Is this smell of new crisp air, of change, of time moving and getting colder, is this something just I smell? Is it possible that others feel this intoxicating mix of nostalgia, melancholy, and joy all at once?
I love this season. Until this year I have always felt torn - What IS my favorite time of year? June and July always had a lot of clout - my birthday, no school, playing outside (in shorts) til much later, popsicles... But there was something about fall even though its the beginning of a school year and the gateway to some bitter cold Midwestern months. It was a tight race between early summer and mid fall , but I'm ready to declare a winner. Yes, folks, autumn has my heart. Recent events took June down more than a few notches, but I think it really has more to do with how well I know myself now versus when I was 12 (when I first consciously considered this question), and in that self-awareness, giving my instincts the weight they merit.

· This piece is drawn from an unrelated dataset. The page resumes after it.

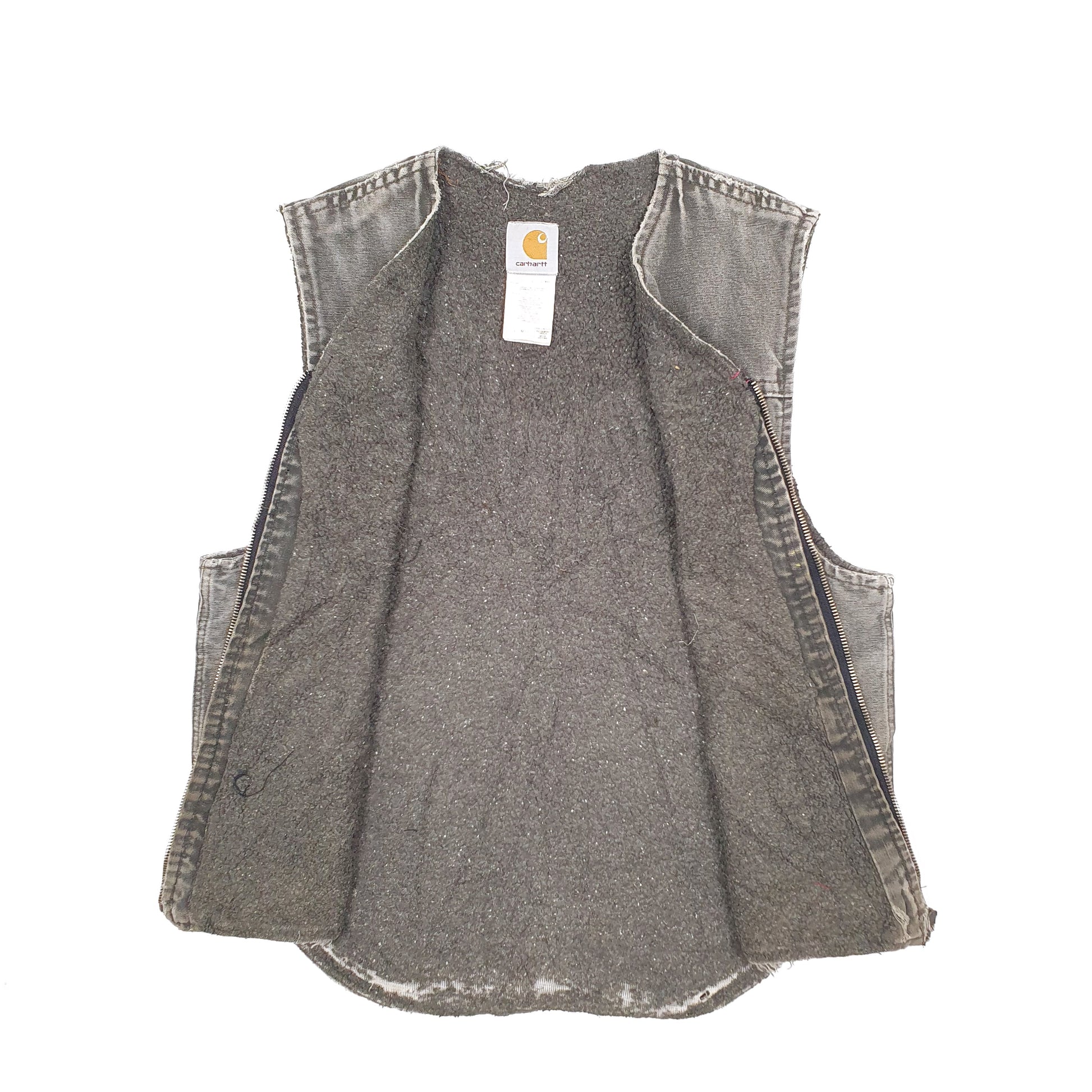 Mens Grey Carhartt V13MOS Vintage 2001 Union Made in USA Sherpa Vest Gilet  Coat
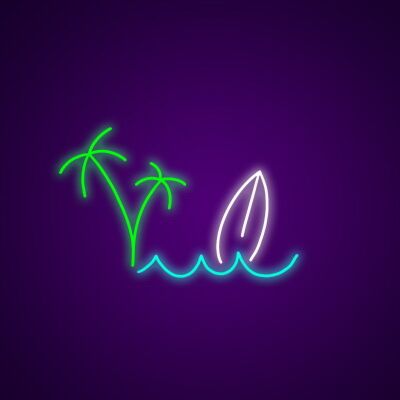 Palmen und Surfbrett am Meer LED-Neonschild Wohnzimmer Bar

In northern California we don't get the brilliant crisp autumn rainbow that is so much part of these months in the Midwest, and this year I realized that it is not from the leaves crunching or the color of the trees that I draw my happiness in this season. Here we get more fog, cooler temperatures, and rain, and yet I every day I am finding myself happy just to be able to feel this shift, to feel the melancholy AND the joy. The renewed wetness doesn't bring me down because I have never been bothered by the rain. I find it peaceful to fall asleep and wake up to the sound of raindrops, and figure it's a good excuse to invest in some galoshes that make me feel like I'm 7 again.
This autumn brought me a sense of relief, from what I cannot say. I still have the same questions, doubts, sadnesses, and insecurities I had two months ago. Today they seem more manageable, and I am happy to see the rain and smell the woodsmoke and put an extra layer on.